In The Museum: Flight at the Museum
- By Rebecca Maksel
- Air & Space magazine, August 2009
Kara Fahy stands in front of the classroom gazing at the seventh grade boys visiting from St. John Regional Catholic School in Frederick, Maryland. “Who knows the myth of Icarus?” she asks. “How does it go?”
A student raises his hand and recounts how young Icarus, disregarding his father’s warning about flying too near the sun, took off on wax-and-feather wings and plunged into the sea.
“So what’s the moral of the story?” asks Fahy.
The student thinks for a moment. “Don’t fly?”
It’s a typical day in the Learning Lab for Fahy and her colleague, Deborah Jackson, both aerospace educators at the National Air and Space Museum’s Steven F. Udvar-Hazy Center in Virginia.

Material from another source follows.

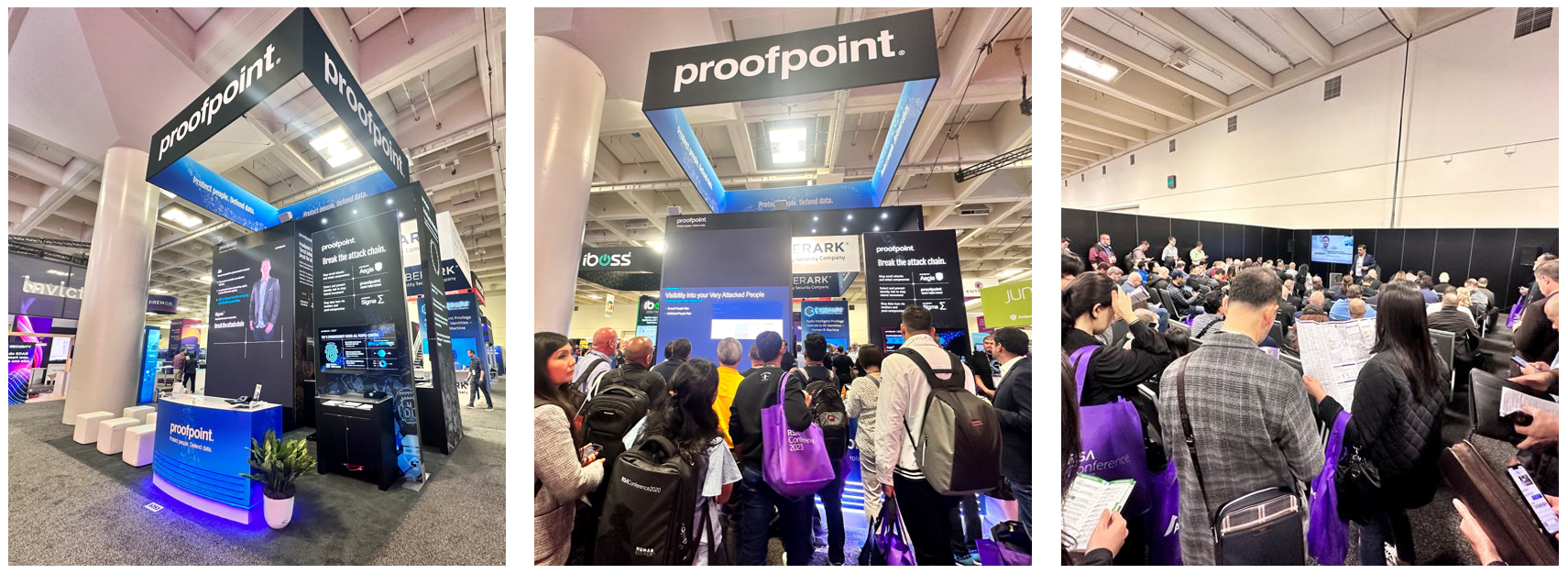 RSA-2023-Proofpoint-Booth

Jackson and Fahy have 11 labs for visiting schoolchildren; this one, Forces of Flight, outlines flight’s four basic principles: weight, lift, thrust, and drag. After quickly covering the Montgolfier brothers’ 18th century experiments with hot-air balloons and the 19th century gliders of Otto Lilienthal, Fahy takes the students onto the Museum floor, where they’ll examine the Wright Model B. Because the aircraft is a reproduction, built and donated by Ken Hyde and the Wright Experience, the students are able to touch some of its parts, including its wooden propeller.
The St. John students are interested in space travel, so after returning to the lab, Fahy talks about NASA’s Constellation program, which calls for colonizing the moon and traveling to Mars.
“Let’s talk about force,” says Fahy. “How does gravity work on you? What would it be like to move around, if Earth’s gravity was twice as strong?”